- Born: August 29, 1956 Kinshasa, Belgian Congo
- Died: May 6, 2019 (aged 62) Brussels, Belgium
- Occupation: Painter

= Moseka Yogo Ambake =

Congolese-Belgian painter (1956–2019)

Moseka Yogo Ambake or Yogo Ambake Moseka (29 August 1956 – 6 May 2019) was a Congolese-born painter who later lived and worked in Brussels, Belgium. Active during the 1980s and 1990s, her work was featured in several international exhibitions.

== Biography ==
Moseka was born in Kinshasa, Belgian Congo (now the Democratic Republic of the Congo), on August 29, 1956. In the traditions of her community (located between Mbandak and Kisangani), "Moseka" is the name given to the first daughter of the family.
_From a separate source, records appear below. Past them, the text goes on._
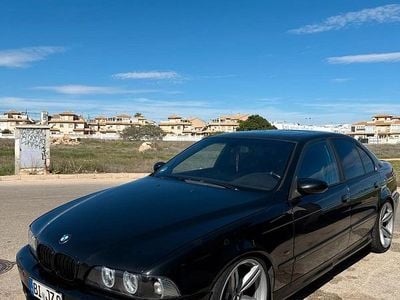 BMW 525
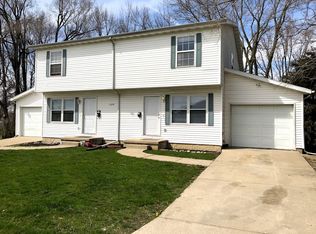 1216 Wall St APT B, Normal, IL 61761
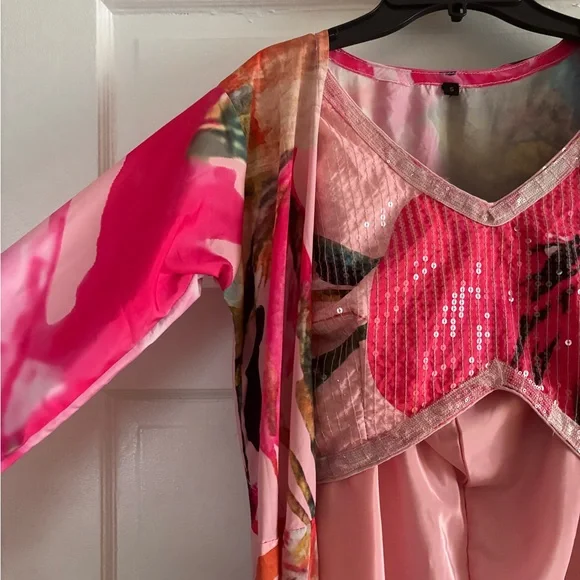 Floral Pink Women's Crepe Silk Kurta Set - Picture 5 of 9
She attended secondary school but had to leave in her third year due to financial difficulties.

Moseka lived in Mont-Ngafula, Democratic Republic of the Congo, with her husband, European architect and interior designer Thierry Dartois. A self-taught artist, she started by drawing on the walls of their home. She started studying privately with watercolorist and family friend Theo Verwilghen, who discouraged her from pursuing more formal training at the capital's art academy for fear that this would impede her natural talent. She later moved to Brussels with her family.

Moseka had her first exhibition in Kinshasa in 1986 at the private gallery of Louis van Bever. Her work was featured in solo retrospective exhibitions at the Royal Museum for Central Africa in Brussels (1993) and at the Museum of Ethnology in Hamburg (1994). Her work was also included in a group exhibition, Winds of Change, with Hassan Aliyu and Henrietta Atooma Alele at 198 Contemporary Arts and Learning in London (1995–1996).

In an essay, Victor Bol wrote that Moseka's style was "radically distinct from the popular movement" of art in Kinshasa, with her tendency to "capture other things — more things — than the concrete exteriors and appearances of the world." In a 1999 article published in Annales Aequatoria on modern Congolese painters, writer Mabiala Mantuba-Ngoma identified Moseka as the only Congolese woman who had achieved renown for her artwork.

Moseka died on 6 May 2019 in Brussels.